Halls of Anger (1970)

          Years after Sidney Poitier blazed a path by playing righteously indignant African-American characters whose noble behavior shatters prejudice, the far less impressive actor Calvin Lockhart followed in Poitier’s footsteps by starring in this clunky but entertaining social drama about the forced integration of a primarily black school in Los Angeles. Lockhart, who cuts a handsome figure but twists dialogue in such a peculiar and stilted fashion that he’s unintentionally comical, plays Quincy Davis, a black teacher who escaped the ghetto for a job at a suburban school with white students. When redistricting integrates a tough school, officials recruit Quincy to become the school’s new vice principal—and to be the de facto ambassador between racial factions.

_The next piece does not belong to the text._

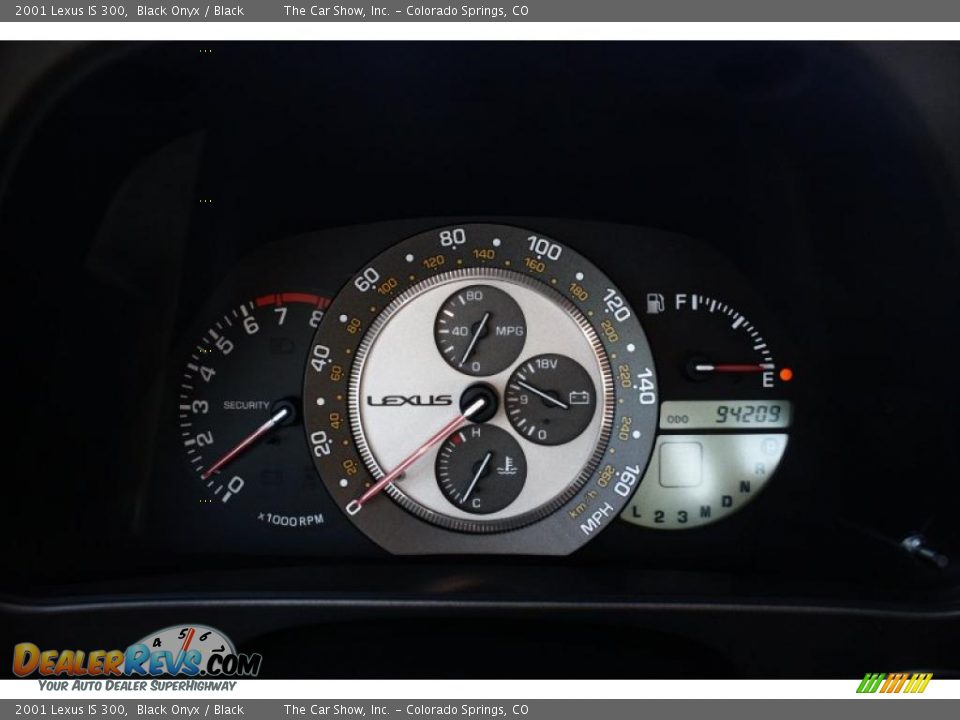 2001 Lexus IS 300 Black Onyx / Black Photo #9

Everything springing from this contrived scenario is as predictable as you might expect. Quincy clashes with the white principal, who feels black students should be herded like animals instead of treated like people. The angriest black student, J.T. (James A. Watson Jr.), decides to make an example of a white student, Doug (Jeff Bridges), by dragging Doug into fistfights. Meanwhile, Quincy heroically inspires black and white students alike to take their education seriously, employing such unconventional practices as getting male students excited about reading by introducing them to the sexy passages in D.H. Lawrence’s books.

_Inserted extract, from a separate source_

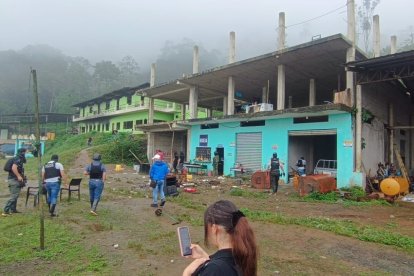 El sector donde ocho personas fueron baleadas, seis muerieron.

          Halls of Anger also features such tired tropes as a basketball-game showdown between J.T. and Quincy—because, in the limited imaginations of the filmmakers behind Halls of Anger, all black men settle arguments with games of hoops—and a race riot that Quincy quells with his MLK-style homilies of nonviolence and understanding. Chances are that Halls of Anger already felt behind the times during its original release, and the movie seems positively primitive today. Nonetheless, it’s hard to actively dislike the picture, because it means well in a clumsy sort of way. Plus, for every weak element—including a cornball music score that makes onscreen events feel as frivolous as comic-book panels—there’s a redeeming quality. Chief among those redeeming qualities, of course, is the presence of Bridges, appearing in one of his very first features; although he doesn’t get an enormous amount of screen time, Bridges elevates his scenes with intensity and naturalism. Future TV stars Ed Asner and Rob Reiner appear in small roles, and DeWayne Jessie—best known for fronting the fictional R&B band Otis Day & the Knights in Animal House (1979)—contributes an enjoyable turn as a student whose education Quincy turns around.